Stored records
• • • • • • •

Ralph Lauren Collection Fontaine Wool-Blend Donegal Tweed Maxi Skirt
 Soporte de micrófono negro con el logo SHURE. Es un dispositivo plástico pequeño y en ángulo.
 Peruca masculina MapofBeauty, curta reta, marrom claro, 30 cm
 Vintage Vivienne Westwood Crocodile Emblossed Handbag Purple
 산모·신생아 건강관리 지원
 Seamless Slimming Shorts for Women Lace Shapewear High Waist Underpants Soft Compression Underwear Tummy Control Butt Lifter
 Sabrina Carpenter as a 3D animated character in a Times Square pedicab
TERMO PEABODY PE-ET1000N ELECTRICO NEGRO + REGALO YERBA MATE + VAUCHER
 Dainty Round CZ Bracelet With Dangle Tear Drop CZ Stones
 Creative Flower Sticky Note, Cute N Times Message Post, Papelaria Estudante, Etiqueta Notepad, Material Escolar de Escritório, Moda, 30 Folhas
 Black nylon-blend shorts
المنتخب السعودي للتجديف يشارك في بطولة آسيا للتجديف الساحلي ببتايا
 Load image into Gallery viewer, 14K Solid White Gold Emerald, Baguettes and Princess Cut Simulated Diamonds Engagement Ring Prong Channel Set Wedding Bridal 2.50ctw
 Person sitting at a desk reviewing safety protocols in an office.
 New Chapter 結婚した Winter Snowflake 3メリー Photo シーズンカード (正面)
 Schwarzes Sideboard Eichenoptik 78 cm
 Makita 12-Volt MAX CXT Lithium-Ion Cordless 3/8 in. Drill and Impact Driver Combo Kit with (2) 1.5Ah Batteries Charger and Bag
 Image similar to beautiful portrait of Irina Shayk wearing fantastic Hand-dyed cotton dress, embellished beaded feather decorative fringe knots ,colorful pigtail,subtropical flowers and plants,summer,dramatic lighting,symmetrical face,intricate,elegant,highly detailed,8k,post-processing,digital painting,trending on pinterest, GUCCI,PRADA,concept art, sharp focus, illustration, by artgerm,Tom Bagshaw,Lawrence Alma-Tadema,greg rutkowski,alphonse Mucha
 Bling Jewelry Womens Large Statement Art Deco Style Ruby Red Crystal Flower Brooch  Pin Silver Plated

• • • • • • •

▶ _EXERCISE PROMPT_
What is needed here is an exact transcription of the records above.

▶ _YOUR RESPONSE_
Ralph Lauren Collection Fontaine Wool-Blend Donegal Tweed Maxi Skirt
 Soporte de micrófono negro con el logo SHURE. Es un dispositivo plástico pequeño y en ángulo.
 Peruca masculina MapofBeauty, curta reta, marrom claro, 30 cm
 Vintage Vivienne Westwood Crocodile Emblossed Handbag Purple
 산모·신생아 건강관리 지원
 Seamless Slimming Shorts for Women Lace Shapewear High Waist Underpants Soft Compression Underwear Tummy Control Butt Lifter
 Sabrina Carpenter as a 3D animated character in a Times Square pedicab
TERMO PEABODY PE-ET1000N ELECTRICO NEGRO + REGALO YERBA MATE + VAUCHER
 Dainty Round CZ Bracelet With Dangle Tear Drop CZ Stones
 Creative Flower Sticky Note, Cute N Times Message Post, Papelaria Estudante, Etiqueta Notepad, Material Escolar de Escritório, Moda, 30 Folhas
 Black nylon-blend shorts
المنتخب السعودي للتجديف يشارك في بطولة آسيا للتجديف الساحلي ببتايا
 Load image into Gallery viewer, 14K Solid White Gold Emerald, Baguettes and Princess Cut Simulated Diamonds Engagement Ring Prong Channel Set Wedding Bridal 2.50ctw
 Person sitting at a desk reviewing safety protocols in an office.
 New Chapter 結婚した Winter Snowflake 3メリー Photo シーズンカード (正面)
 Schwarzes Sideboard Eichenoptik 78 cm
 Makita 12-Volt MAX CXT Lithium-Ion Cordless 3/8 in. Drill and Impact Driver Combo Kit with (2) 1.5Ah Batteries Charger and Bag
 Image similar to beautiful portrait of Irina Shayk wearing fantastic Hand-dyed cotton dress, embellished beaded feather decorative fringe knots ,colorful pigtail,subtropical flowers and plants,summer,dramatic lighting,symmetrical face,intricate,elegant,highly detailed,8k,post-processing,digital painting,trending on pinterest, GUCCI,PRADA,concept art, sharp focus, illustration, by artgerm,Tom Bagshaw,Lawrence Alma-Tadema,greg rutkowski,alphonse Mucha
 Bling Jewelry Womens Large Statement Art Deco Style Ruby Red Crystal Flower Brooch  Pin Silver Plated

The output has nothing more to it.